What is extensor digitorum longus?
Extensor Digitorum Longus is the muscle of the front section of the lower leg. Responsible for extending four smaller fingers and dorsiflexing ankle is considered to be the outer extensor of the foot in that it is located outside the leg itself. The long and narrow muscle extending just below the knee joint to the distal phalanx, the last of the bones of the tips, is located on the outside of the shin above the fibula bone. However, although it runs parallel to the fibula, its fibers are pennate, which means that instead of longitudinal triggering move towards the middle line, such as veins in the leaf.
When its fibers converge on both sides of the muscle instead of from the narrow point at the top, the extensor digitorum longus has its origin on several different structures in the lower leg. Some of its fibers are based on the bone of the tibia - specifically lateral condyle, which is the farthest of the two rounded bone eminence at the top of the bone. Others come from the front of the fibules belowThe highest 75 percent of the bone shaft. This muscle also occurs from several membrane structures surrounding and division of muscles in this area, including interosseous membrane, which separates the front and rear compartments of the lower legs, deep fascia that surround the muscles as a sausage cover and brushes and brushes and wash and wash and and anterior.

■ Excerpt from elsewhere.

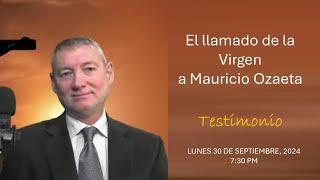 El llamado de la Virgen a Mauricio Ozaeta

These fibers converge significantly above the ankle to form a tendon that passes vertically in front of the ankle joint and behind the ligament in the shape of Y known as a crossed Christian ligament. From there, the tendon differs to four smaller tendons, which are attached in the middle and distal phalanx or the last two bones of four smaller fingers. The draft on these tendons with the Textensor Digitorum Longus contractions is what expands his fingers on his feet, or pulls them up from the undulating position.
In addition to the effect of this muscle in a smaller four fingers, it plays a role in the dorsiflexing ankle. Dorsiflexion is an act of hanging a foot on the ankle so that the dorsal or upper surface of the foot approachto the shin. While the front tibialis is the primary dorsiflexor ankle, other muscles with tendons passing through the joint - among them extensor digitorum Longus and extensor hallucis longus, which expands a large finger - help in this movement.